Exercise directions
Copy out and return the lines from the one holding "Applicable To Apple" to the end of the listing below, both included, omitting the pictures.

Given information

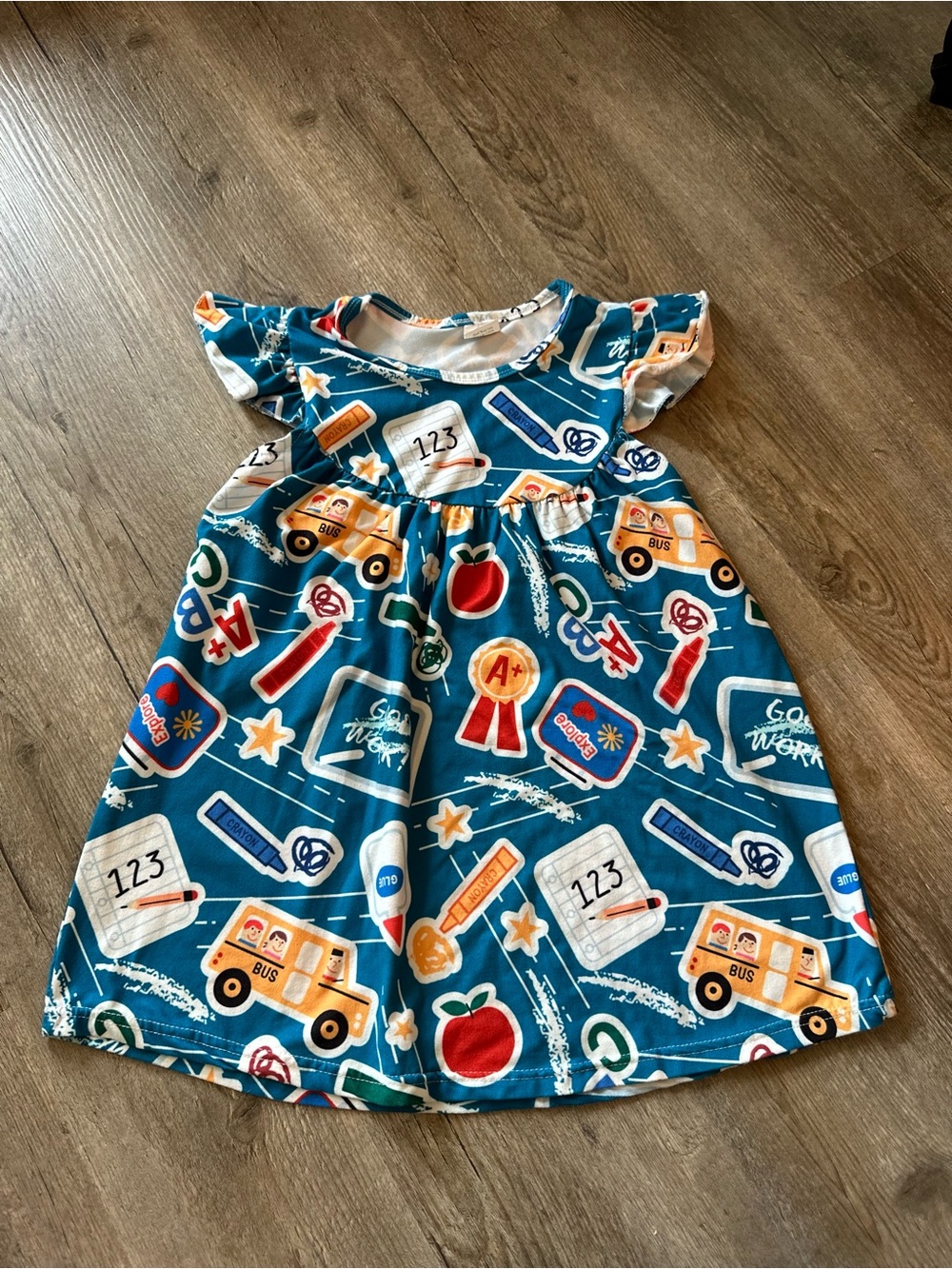 Girls Back to school 1st day of school Blue School-Themed Dress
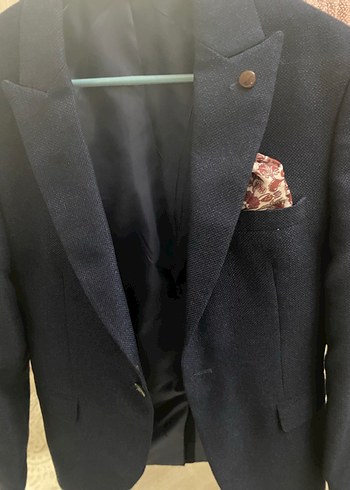 48 Beden lacivert Renk Düğmeli Lacivert Erkek Blazer Ceket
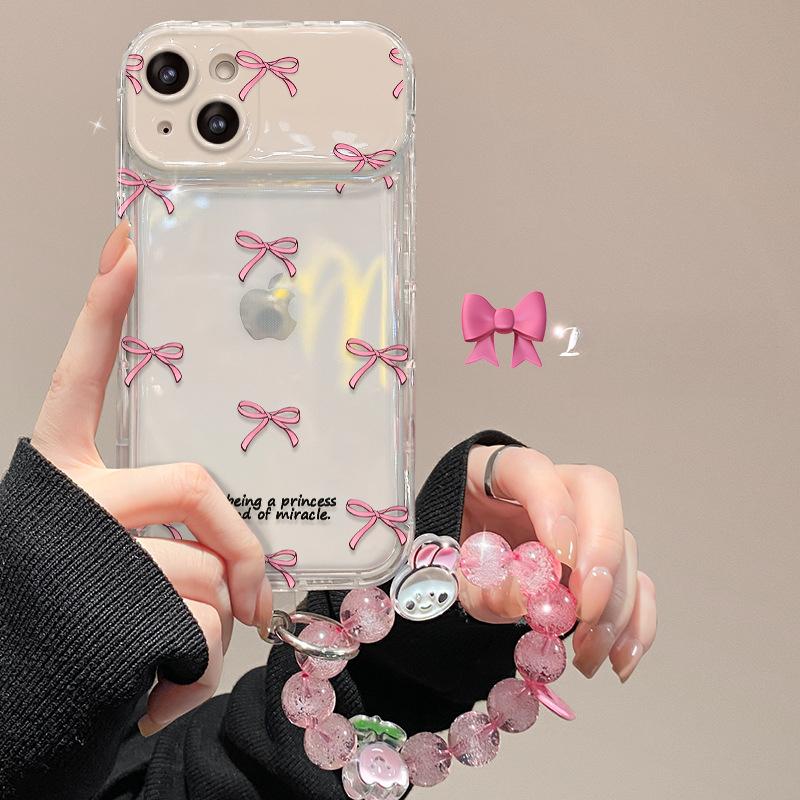 Applicable To Apple 15 Mobile Phone Case IPhone 14/13promax Bow Chain 11/12 Transparent Flip Mirror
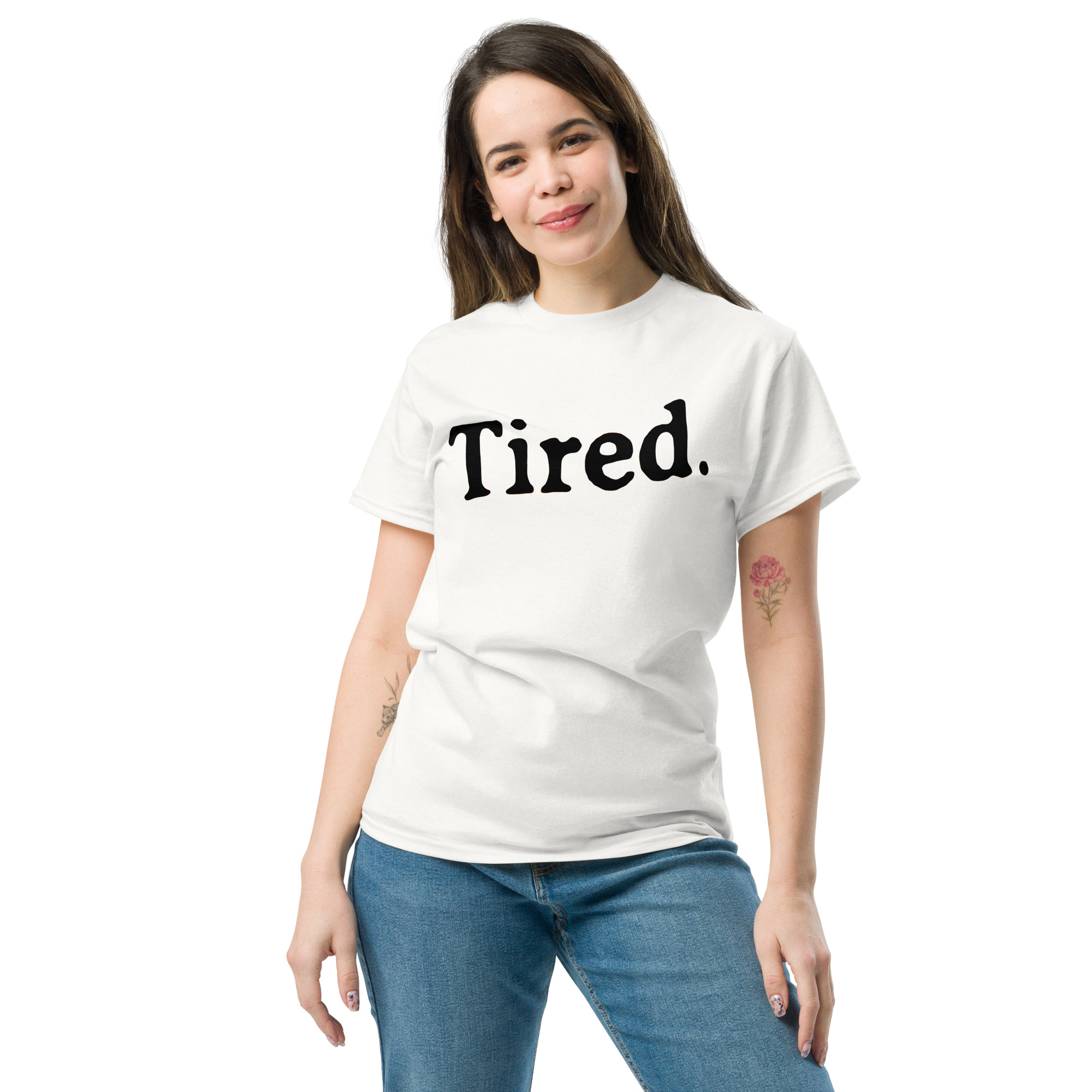 Model wearing Tired. classic tee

Task output
 Applicable To Apple 15 Mobile Phone Case IPhone 14/13promax Bow Chain 11/12 Transparent Flip Mirror
 Model wearing Tired. classic tee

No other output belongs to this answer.